Is vertigo the same as fear of heights?
In general, we associate these two terms because they are both related to a height-related discomfort, but they are not synonymous. Vertigo is a sensation of rotation and loss of balance. It feels like the elements around us are moving or we are turning. On the other hand, people who are afraid of heights can experience vertigo at any time. However, dizziness is only one symptom of this disorder. In short, these challenges are interrelated, although not equivalent.
It’s because they are both related to a height-related discomfort, but they are not synonymous. Vertigo is a sensation of rotation and loss of balance. It feels like the elements around us are moving or we are turning. On the other hand, people who are afraid of heights can experience vertigo at any time. However, dizziness is only one symptom of this disorder. In short, these challenges are interrelated, although not equivalent.
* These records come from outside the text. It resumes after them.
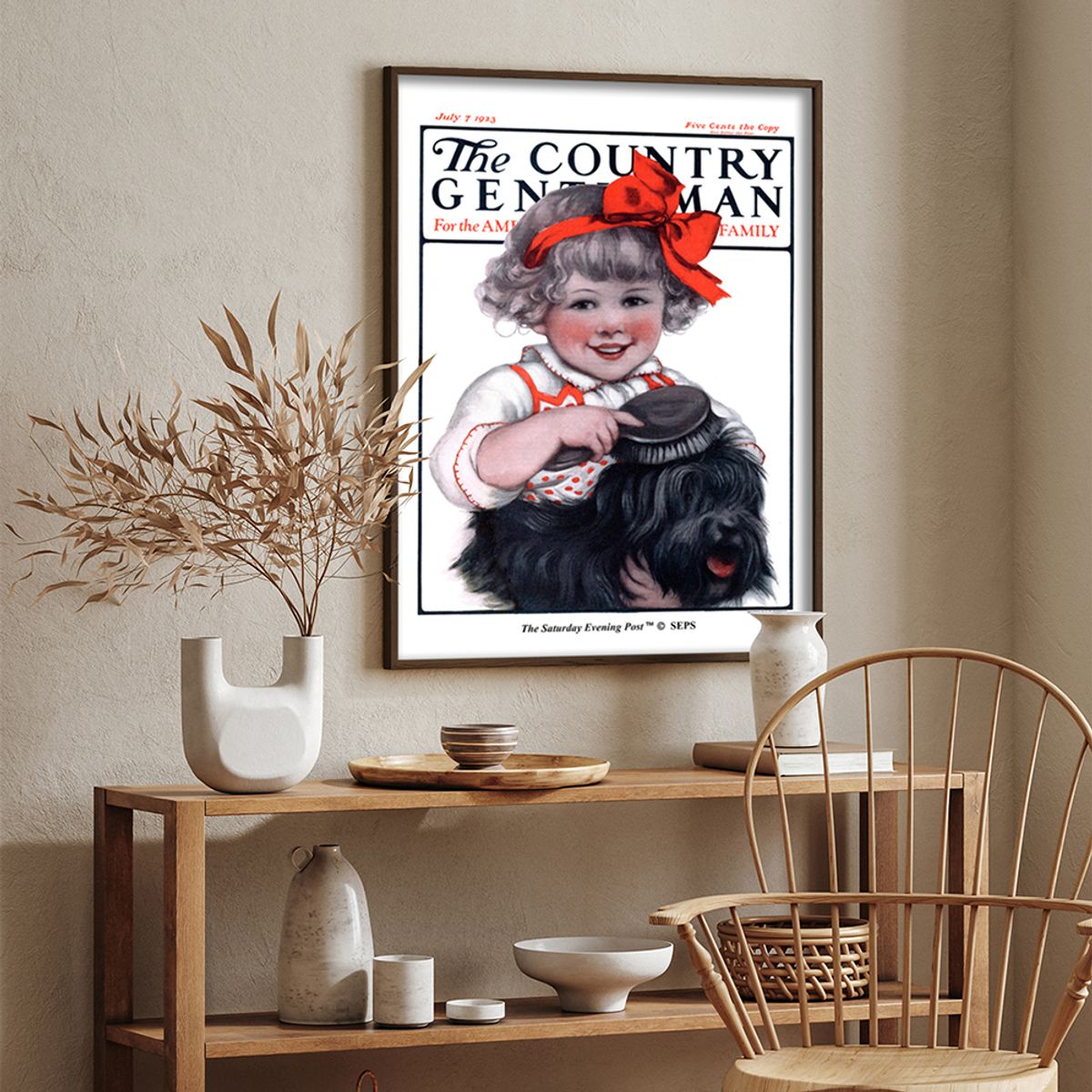 더 새터데이 이브닝 포스트(THE SATURDAY EVENING POST) SEP Framed Poster_Little Girl Brushing Dog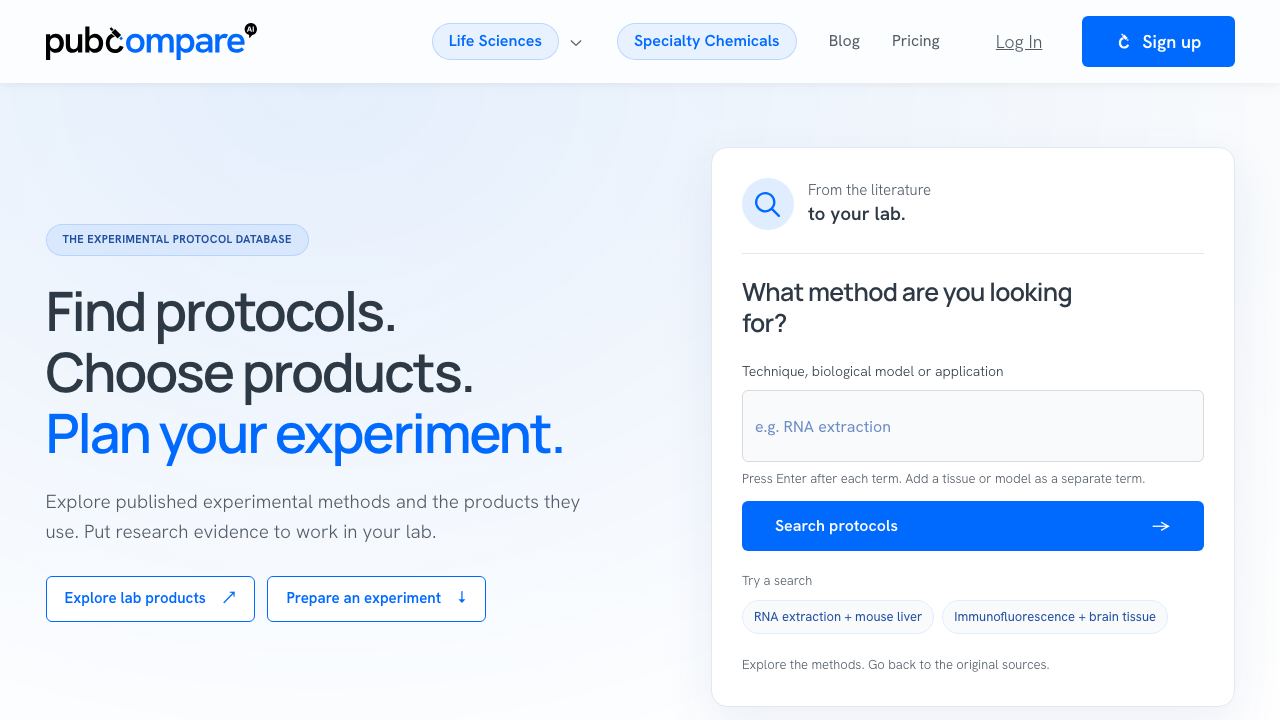 PubCompare.ai website screenshot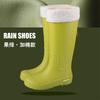 Fashion Rain Boots Women's High Rain Shoes Outdoor, Winter Waterproof and Warm Long Rain Boots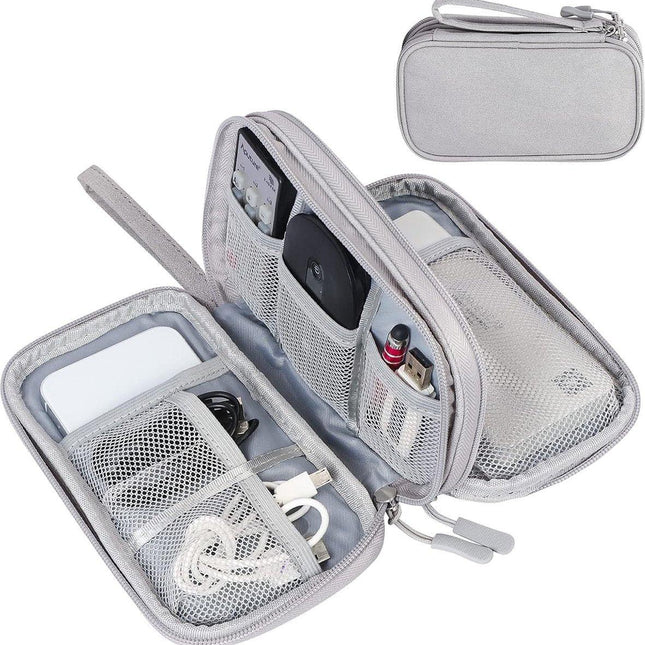 Cable Organizer Storage Bag 3 Layers - Cable Organizer Bag - Waterproof / Wear-Resistant - Cable Electronics Organizer - Cable Bag - Luxury Organizer For Cables And Accessories - Compact Cable Bag - Cable Organizer - Data Cable Organizer - Gray - Travel.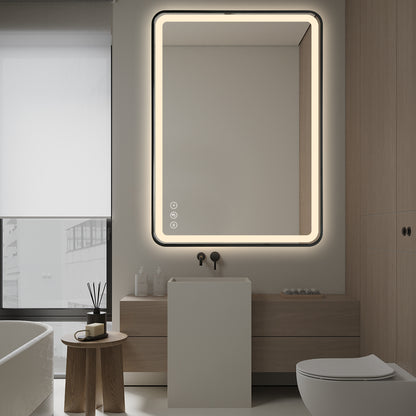 Gloviea Brushed Black Framed Rectangular LED Bathroom Mirror | Front &amp; Backlit, Anti-Fog, Motion Sensor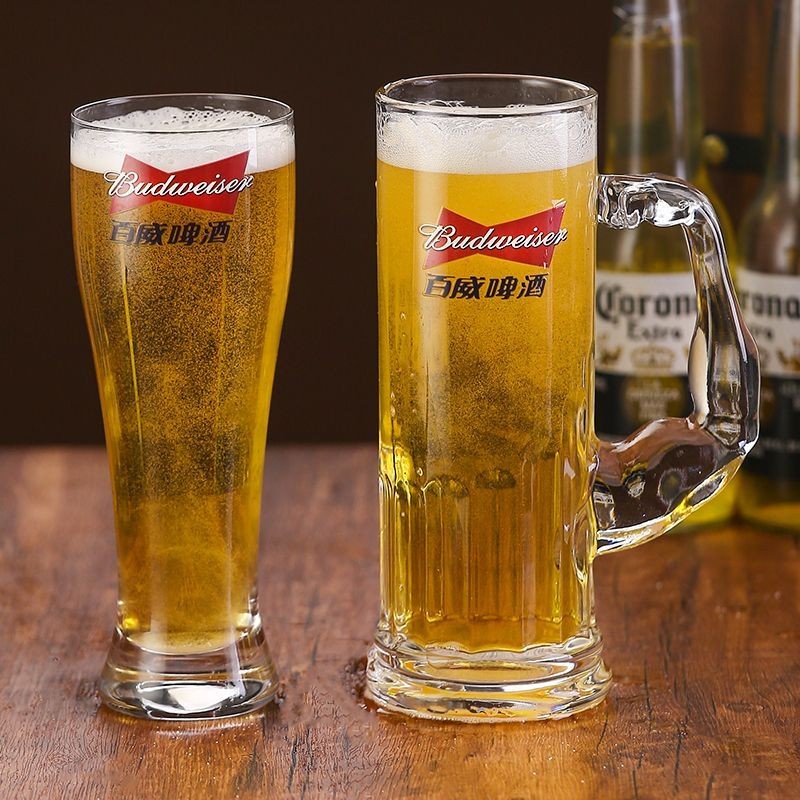 Cốc bia Budweiser gia đình, cốc bia thương mại 500ml, cốc bia lớn 1000ml, cốc bia thủ công, logo tùy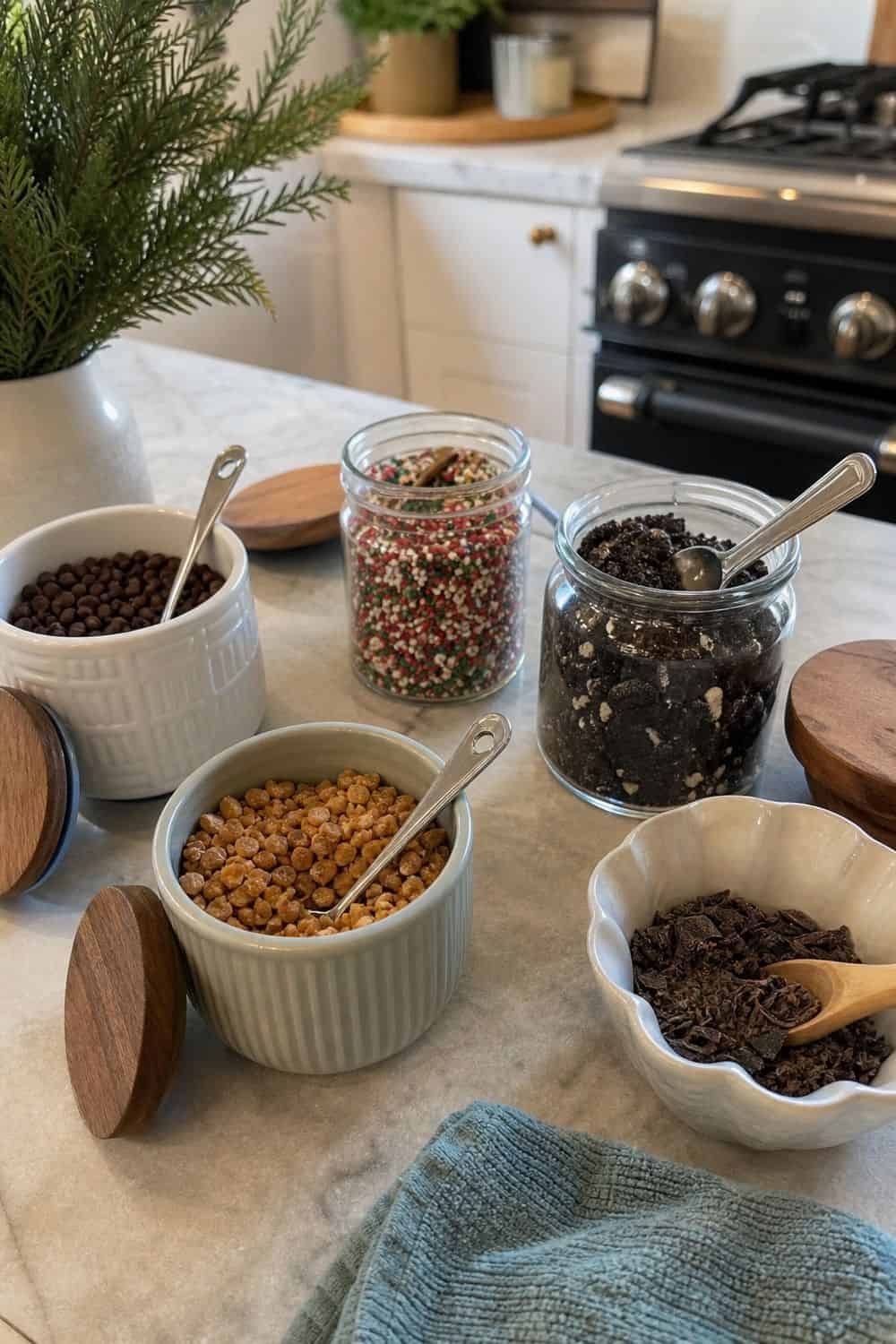 20 Hot Chocolate Station Ideas for Cozy Winter Nights lidded containers for dry toppings setup for a cozy hot chocolate station with practical serving details.
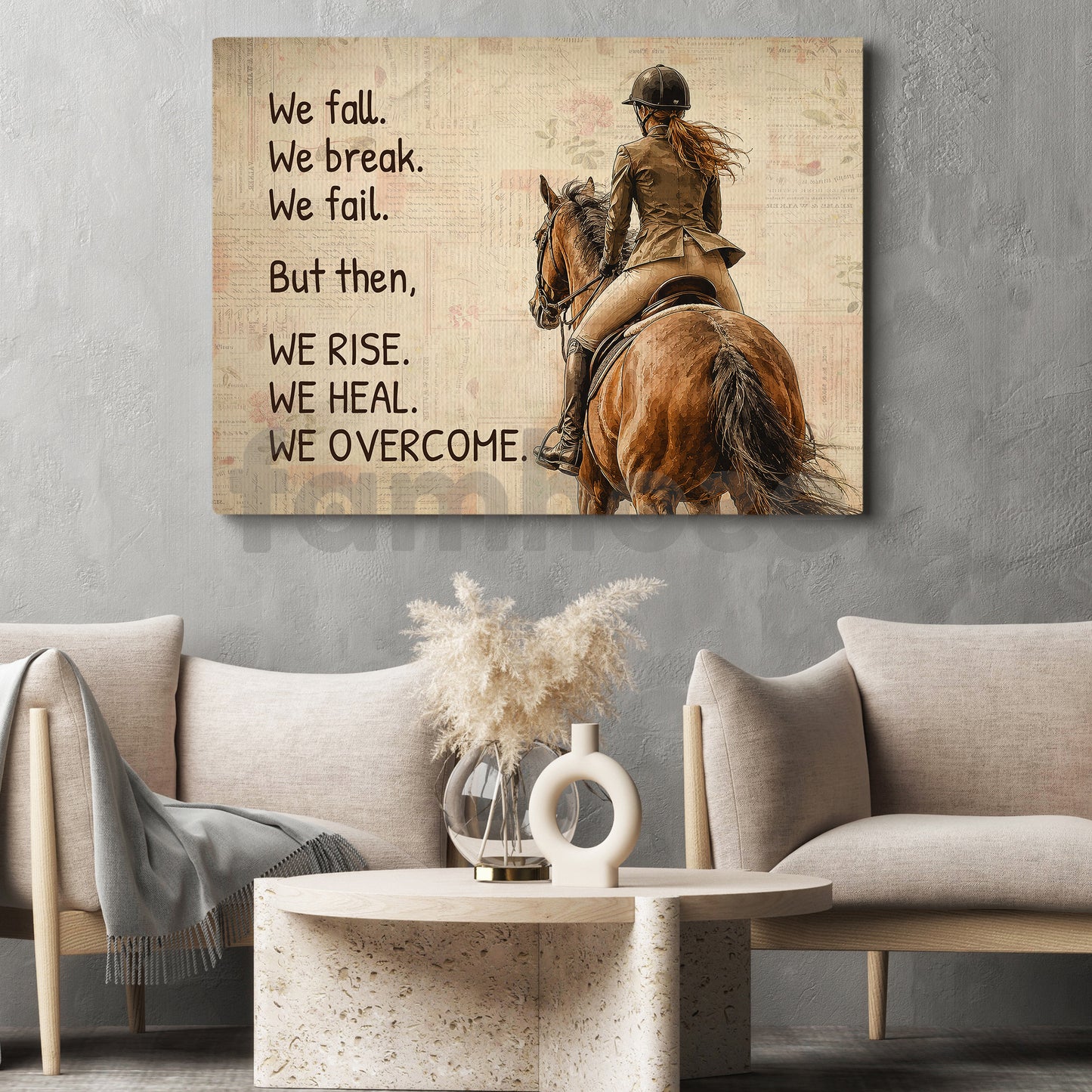 Motivational Personalized Horse Riding Girl Canvas Painting, We Fall We Break We Fail Wall Art Decor, Poster Gift For Horse Girl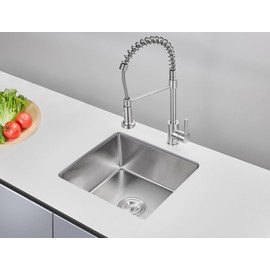 TSIBOMU 18 Inch Undermount Kitchen Sink Brushed, 18 Gauge T-304 Stainless Steel Handmade Single Bowl Kitchen Bar/Prep Sink Undermount, 18"x18"x9"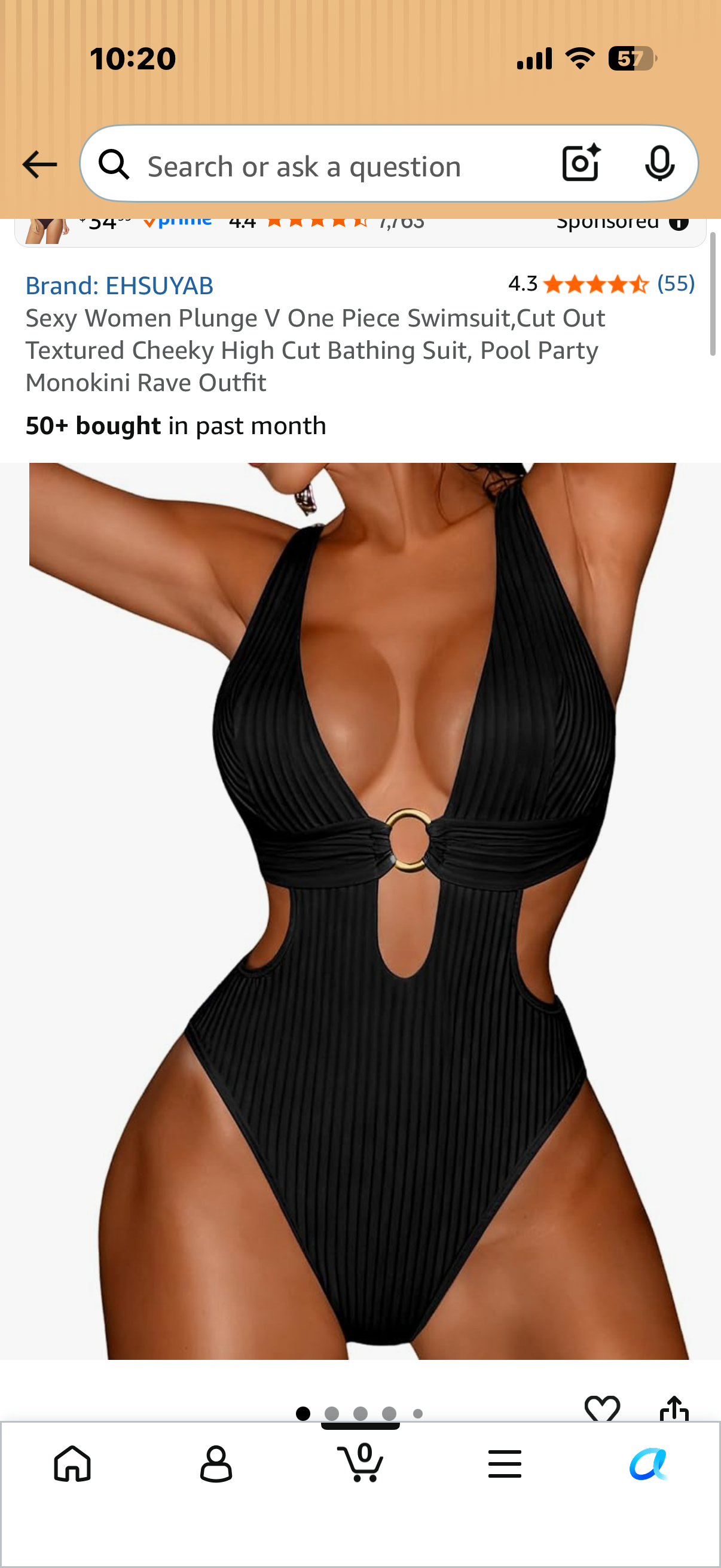 Sexy Women Plunge V One Piece Swimsuit,Cut Out Textured Cheeky High Cut Bathing Suit, Pool Party Monokini Rave Outfit (Size Medium)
If your height fear is not pathological, there are ways to keep you free from this fear. It is possible to unwind in situations of anxiety, but it is best to seek professional help if you have a phobia that is really noticeable to you. There are some psychological assessment tools, such as questionnaires, to see if we have any unreasonable fear. There are many therapies that have proven to be a great help for acrophobia. However, it is not known which is the best method. However, seeking an appropriate treatment is essential to improve the quality of life of those affected.
Cognitive-Behavioral Therapy: This is the most commonly used therapy to treat phobias. Procedures such as exposure techniques have a long and successful tradition in research and clinical practice. These methods gradually bring acrophobics closer to the object of their fears. They gradually become safer and reduce anxiety reactions.
Patients may be referred to fear stimuli by professionals (psychological help specialists) or may resort to direct exposure to fear techniques. On the other hand, the animation can be symbolic or alive. It can also be done in a group or individually. Symptoms do not always disappear completely, but they allow them to perform daily activities, such as riding the elevator or looking out a window, without being paralyzed by fear.
Psychological intervention will greatly increase welfare. In addition, these treatments are under continuous review. In fact, the emergence of new technologies, such as virtual reality, helps people encounter their fears in a more controlled environment. The acrophobic person can overcome difficulties that he has never imagined before.